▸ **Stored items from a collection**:
■ ■ ■

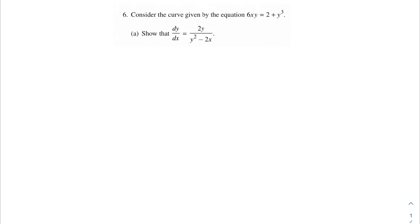Welcome back, AP Calc champions. In this problem we're going to be talking about this curve. Problem 6 says: consider the curve given by the equation 6xy = 2 + y³. The first part says show that dy/dx is equal to 2y over y² minus 2x. We're being given what we need to end up with and what we start with — we just need to show the steps in between.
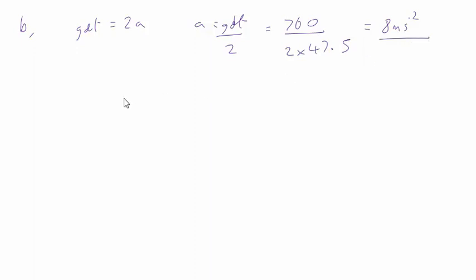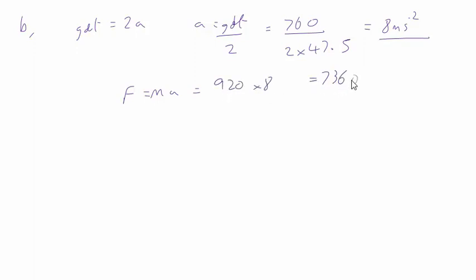Then we can use F equals ma, which is 920 times 8, which is 7360 newtons.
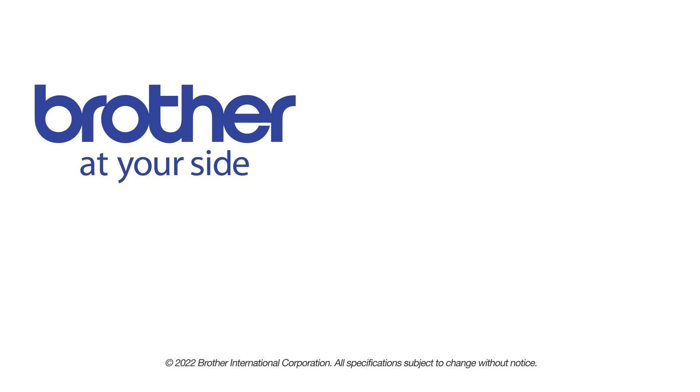If you found this video helpful, be sure to subscribe. Thank you for choosing Brother.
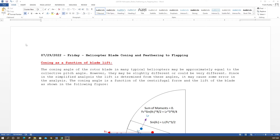Today I want to talk about helicopter blade coning, feathering, and flapping for a conventional single rotor helicopter with a tail rotor. This also applies to other types of helicopters — tandem rotors, tilt rotors, and coaxial helicopters — anything that uses longitudinal and lateral cyclic pitch. The coning angle in many typical helicopters may be approximately equal to the collective pitch angle, though they could be different.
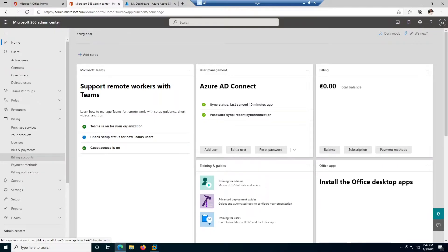Welcome to my YouTube channel. In this short video I'm going to show you how to delete a user's license in your Microsoft 365 admin center. Let's say you've assigned a license to a user and that user has left the company, or you don't want to assign that license anymore, because licenses actually cost money.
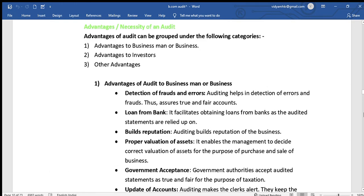Hello everyone and welcome back to my channel. This is my part 3 video on introduction to auditing. This video covers the advantages or necessity of audit. The advantages can be grouped into the following categories: advantages to businessman or business, advantages to investors, and other advantages.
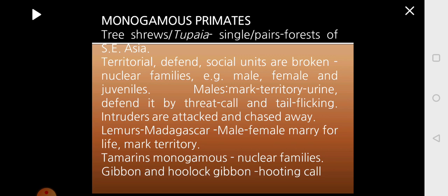In the nuclear family you will have a male, female, and the juveniles. Males generally mark the territory with the help of urine and defend it by calling loudly and flicking the tail so that others will not enter. When some other primate tries to enter, the intruders are attacked and chased away. Lemurs are found in Madagascar where male and female live together for a lifetime. Tamarins are also monogamous with nuclear families. Gibbons and hoolock gibbons are also monogamous and defend their territory by producing hooting calls.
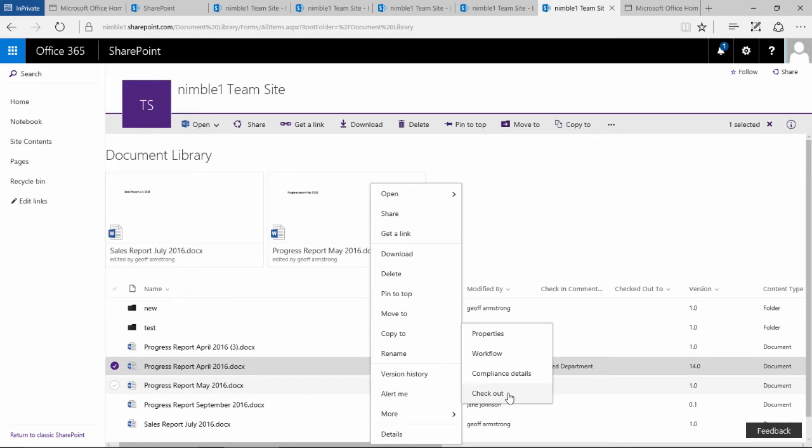If you check that document out and then you go on holiday, you could have a problem because people can't edit that document. So if you go on holiday for two weeks, you've got a potential situation where the document can't be edited for two weeks. Now there is an override from an administrative perspective where you can automatically check documents in and manage checked out documents if you have to.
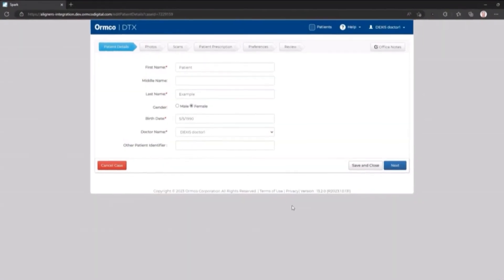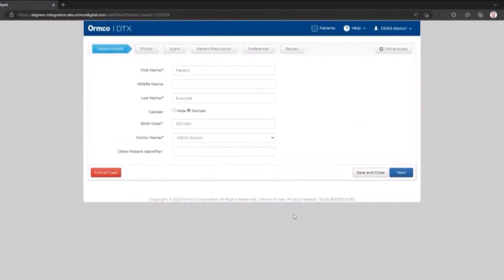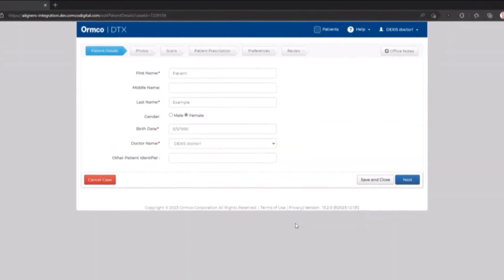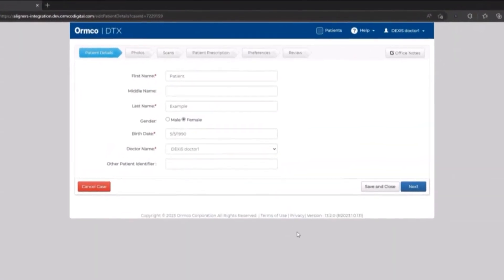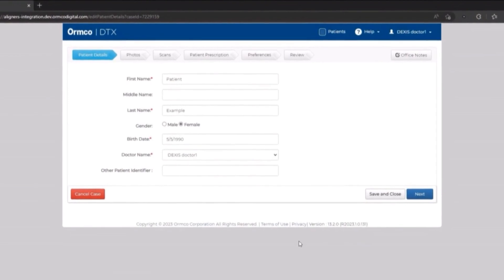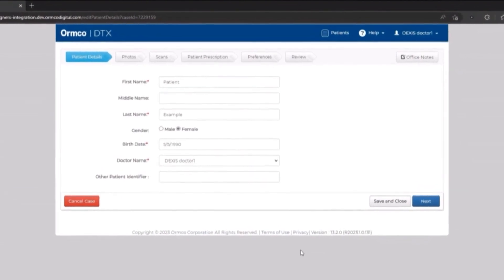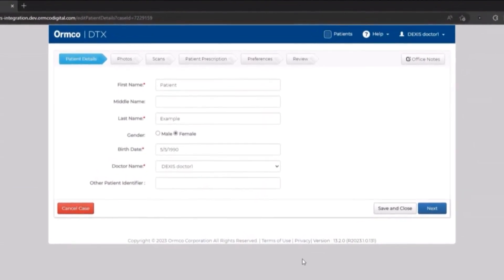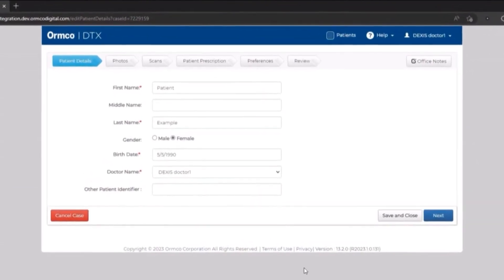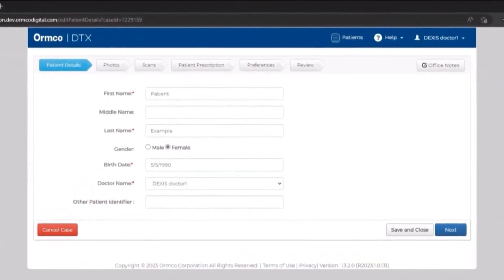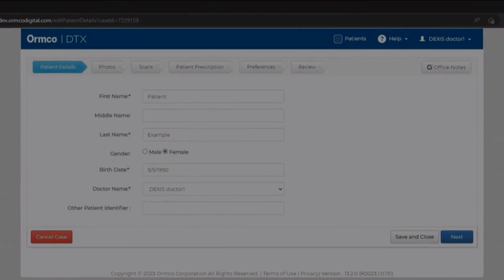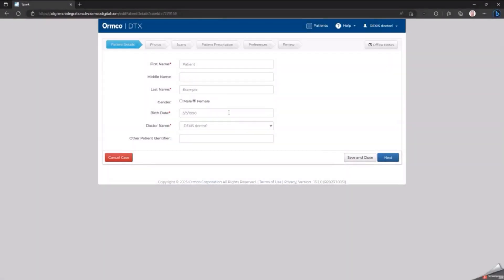The Spark Portal will automatically open. Users will not have to sign in. The Patient Detail window is displayed. Confirm that the patient's information has been transferred correctly from Dexis IS ScanFlow.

■ ■ ■

▸ **Your instructions**:
Pictures aside, reproduce every record exactly as it stands.

▸ **Written solution**:
Welcome back, AP Calc champions. In this problem we're going to be talking about this curve. Problem 6 says: consider the curve given by the equation 6xy = 2 + y³. The first part says show that dy/dx is equal to 2y over y² minus 2x. We're being given what we need to end up with and what we start with — we just need to show the steps in between.
Then we can use F equals ma, which is 920 times 8, which is 7360 newtons.
If you found this video helpful, be sure to subscribe. Thank you for choosing Brother.
Today I want to talk about helicopter blade coning, feathering, and flapping for a conventional single rotor helicopter with a tail rotor. This also applies to other types of helicopters — tandem rotors, tilt rotors, and coaxial helicopters — anything that uses longitudinal and lateral cyclic pitch. The coning angle in many typical helicopters may be approximately equal to the collective pitch angle, though they could be different.
Welcome to my YouTube channel. In this short video I'm going to show you how to delete a user's license in your Microsoft 365 admin center. Let's say you've assigned a license to a user and that user has left the company, or you don't want to assign that license anymore, because licenses actually cost money.
Hello everyone and welcome back to my channel. This is my part 3 video on introduction to auditing. This video covers the advantages or necessity of audit. The advantages can be grouped into the following categories: advantages to businessman or business, advantages to investors, and other advantages.
In the nuclear family you will have a male, female, and the juveniles. Males generally mark the territory with the help of urine and defend it by calling loudly and flicking the tail so that others will not enter. When some other primate tries to enter, the intruders are attacked and chased away. Lemurs are found in Madagascar where male and female live together for a lifetime. Tamarins are also monogamous with nuclear families. Gibbons and hoolock gibbons are also monogamous and defend their territory by producing hooting calls.
If you check that document out and then you go on holiday, you could have a problem because people can't edit that document. So if you go on holiday for two weeks, you've got a potential situation where the document can't be edited for two weeks. Now there is an override from an administrative perspective where you can automatically check documents in and manage checked out documents if you have to.
The Spark Portal will automatically open. Users will not have to sign in. The Patient Detail window is displayed. Confirm that the patient's information has been transferred correctly from Dexis IS ScanFlow.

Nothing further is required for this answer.